From Jay Guin at One in Jesus
One of the biggest problems facing sub-Saharan Africa (south of the Sahara) is the inability of the countries to export food and cotton for a profit because of crop subsidies the Europeans and Americans provide their farmers.
You see, for poorer countries, the easiest way to earn a profit and gain foreign currency is through agriculture, but the US and European farm lobbies manage to squeeze the taxpayers for subsidies that create artificially low prices for Western-grown food — which keep the poorest of the poor from being able to export food more cheaply than the West can despite its much higher production costs.
This is a problem for both political parties, because both have powerful senators from farm states who protect the pocketbooks of their constituents. And it never occurs to them that this violates the Bible.
You see, I think American Christians are free to compete on a level playing field with anyone. But using our wealth to freeze the poor out of international markets is sin.
And it violates the Democratic Party’s principles opposing government welfare for the rich; and it violates Republican Party’s principles favoring free trade. There are numerous farmers who grow unsubsidized crops and do just fine competing with the rest of the world. But Washington lacks the will to cut subsidies that indirectly subsidize re-election campaigns. And no one complains much because, well, our allegiance is to ourselves, rather than to all of God’s children.
Just so, the serious problem of illegal immigration in the United States is debated by Christians in terms of legality and expense and which party the immigrants will support. Never have I heard Christians debate the question in terms of what is best for the Mexicans — not even as a factor to be considered. Indeed, mention the Golden Rule or “love your neighbor” in such a conversation, and you’ll sometimes be viewed with bemusement or scorn by your fellow Christians.

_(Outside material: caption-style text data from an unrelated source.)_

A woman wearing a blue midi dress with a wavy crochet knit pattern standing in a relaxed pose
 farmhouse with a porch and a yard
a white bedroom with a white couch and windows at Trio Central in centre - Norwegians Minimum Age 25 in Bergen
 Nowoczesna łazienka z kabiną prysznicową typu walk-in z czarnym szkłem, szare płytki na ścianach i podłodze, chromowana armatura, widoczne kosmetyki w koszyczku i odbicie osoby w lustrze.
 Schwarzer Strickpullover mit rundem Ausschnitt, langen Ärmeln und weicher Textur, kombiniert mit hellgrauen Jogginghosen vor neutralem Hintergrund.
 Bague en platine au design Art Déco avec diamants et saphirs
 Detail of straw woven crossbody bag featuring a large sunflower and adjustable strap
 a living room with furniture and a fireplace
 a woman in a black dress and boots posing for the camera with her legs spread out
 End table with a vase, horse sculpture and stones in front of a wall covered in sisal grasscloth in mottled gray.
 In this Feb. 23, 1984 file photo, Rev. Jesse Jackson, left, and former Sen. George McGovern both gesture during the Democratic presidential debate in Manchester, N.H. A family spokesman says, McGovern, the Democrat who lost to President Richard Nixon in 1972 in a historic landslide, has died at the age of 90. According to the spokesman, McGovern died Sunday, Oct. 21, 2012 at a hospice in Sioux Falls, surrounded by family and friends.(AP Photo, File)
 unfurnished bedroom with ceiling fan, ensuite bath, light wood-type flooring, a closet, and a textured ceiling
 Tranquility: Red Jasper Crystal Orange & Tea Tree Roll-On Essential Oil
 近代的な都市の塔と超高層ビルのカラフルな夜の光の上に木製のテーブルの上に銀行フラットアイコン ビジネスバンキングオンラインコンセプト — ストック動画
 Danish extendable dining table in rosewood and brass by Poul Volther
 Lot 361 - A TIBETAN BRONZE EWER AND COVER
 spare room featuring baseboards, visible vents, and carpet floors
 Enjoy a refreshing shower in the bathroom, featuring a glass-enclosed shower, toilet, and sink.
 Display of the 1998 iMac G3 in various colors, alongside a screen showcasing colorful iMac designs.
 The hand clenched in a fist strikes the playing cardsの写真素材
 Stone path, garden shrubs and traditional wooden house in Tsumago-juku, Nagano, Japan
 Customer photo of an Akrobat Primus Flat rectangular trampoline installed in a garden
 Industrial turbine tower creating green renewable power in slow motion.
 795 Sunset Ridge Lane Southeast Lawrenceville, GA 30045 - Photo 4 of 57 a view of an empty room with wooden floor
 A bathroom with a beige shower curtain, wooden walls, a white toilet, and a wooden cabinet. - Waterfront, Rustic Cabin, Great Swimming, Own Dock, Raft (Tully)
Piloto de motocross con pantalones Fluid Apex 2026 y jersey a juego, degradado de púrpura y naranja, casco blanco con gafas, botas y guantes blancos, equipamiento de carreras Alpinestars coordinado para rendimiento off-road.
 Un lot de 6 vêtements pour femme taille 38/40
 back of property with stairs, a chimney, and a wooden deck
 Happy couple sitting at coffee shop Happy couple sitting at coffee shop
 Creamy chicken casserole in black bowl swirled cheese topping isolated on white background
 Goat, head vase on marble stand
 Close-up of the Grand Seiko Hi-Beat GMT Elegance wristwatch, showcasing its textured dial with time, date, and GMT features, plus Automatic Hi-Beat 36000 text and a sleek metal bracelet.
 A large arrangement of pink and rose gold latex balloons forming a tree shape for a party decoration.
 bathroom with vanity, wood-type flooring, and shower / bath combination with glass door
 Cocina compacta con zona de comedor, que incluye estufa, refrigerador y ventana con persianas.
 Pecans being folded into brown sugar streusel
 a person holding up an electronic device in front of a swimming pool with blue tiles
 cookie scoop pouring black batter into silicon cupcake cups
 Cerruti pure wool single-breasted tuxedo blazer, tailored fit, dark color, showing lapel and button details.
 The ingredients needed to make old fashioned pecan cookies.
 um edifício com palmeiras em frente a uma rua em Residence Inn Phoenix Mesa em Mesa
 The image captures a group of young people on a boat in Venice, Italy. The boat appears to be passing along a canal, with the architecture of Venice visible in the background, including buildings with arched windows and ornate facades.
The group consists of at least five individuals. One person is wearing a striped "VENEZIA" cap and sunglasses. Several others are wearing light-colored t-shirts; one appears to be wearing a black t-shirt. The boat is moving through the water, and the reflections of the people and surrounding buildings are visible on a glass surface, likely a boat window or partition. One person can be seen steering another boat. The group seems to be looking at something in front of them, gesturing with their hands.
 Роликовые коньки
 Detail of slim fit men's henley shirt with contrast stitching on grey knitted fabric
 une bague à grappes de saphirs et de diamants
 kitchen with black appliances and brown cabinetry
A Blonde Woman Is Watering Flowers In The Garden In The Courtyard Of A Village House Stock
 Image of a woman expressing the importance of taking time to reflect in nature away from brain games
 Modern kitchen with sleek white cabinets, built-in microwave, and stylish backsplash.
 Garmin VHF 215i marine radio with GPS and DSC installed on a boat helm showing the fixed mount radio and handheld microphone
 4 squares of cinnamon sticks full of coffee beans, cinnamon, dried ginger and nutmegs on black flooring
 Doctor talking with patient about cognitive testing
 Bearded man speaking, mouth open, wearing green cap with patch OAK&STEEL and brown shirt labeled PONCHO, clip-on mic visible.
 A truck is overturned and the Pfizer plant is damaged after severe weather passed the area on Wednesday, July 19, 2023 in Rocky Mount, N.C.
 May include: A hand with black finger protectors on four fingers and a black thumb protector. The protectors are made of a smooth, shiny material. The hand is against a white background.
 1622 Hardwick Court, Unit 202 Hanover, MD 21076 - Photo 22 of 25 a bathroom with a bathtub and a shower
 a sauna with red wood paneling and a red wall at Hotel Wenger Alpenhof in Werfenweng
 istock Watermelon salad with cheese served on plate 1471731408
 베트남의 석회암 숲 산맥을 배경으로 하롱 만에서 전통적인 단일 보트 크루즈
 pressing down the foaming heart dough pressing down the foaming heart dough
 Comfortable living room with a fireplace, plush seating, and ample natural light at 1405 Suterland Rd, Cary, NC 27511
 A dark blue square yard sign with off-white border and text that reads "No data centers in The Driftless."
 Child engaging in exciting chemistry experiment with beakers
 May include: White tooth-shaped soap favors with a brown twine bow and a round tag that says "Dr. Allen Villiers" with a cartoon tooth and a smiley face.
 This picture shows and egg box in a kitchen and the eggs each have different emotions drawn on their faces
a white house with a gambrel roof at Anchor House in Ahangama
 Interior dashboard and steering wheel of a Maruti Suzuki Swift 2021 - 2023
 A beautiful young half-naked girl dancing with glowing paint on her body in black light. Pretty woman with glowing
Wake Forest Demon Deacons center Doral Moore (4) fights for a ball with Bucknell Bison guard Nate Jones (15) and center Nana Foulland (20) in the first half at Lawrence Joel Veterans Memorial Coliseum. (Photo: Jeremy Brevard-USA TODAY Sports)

I don’t pretend to know the answers to the illegal immigration problem, but this much I’ve figured out: Christians are not allowed to argue in terms of selfishness. And I wonder what would happen if we seriously talked about how we might deal with the problem by helping Mexico rather than how we can help ourselves with no regard for the consequences to the Mexicans.
As my friend Harvey Schultz says, “Something to think about.”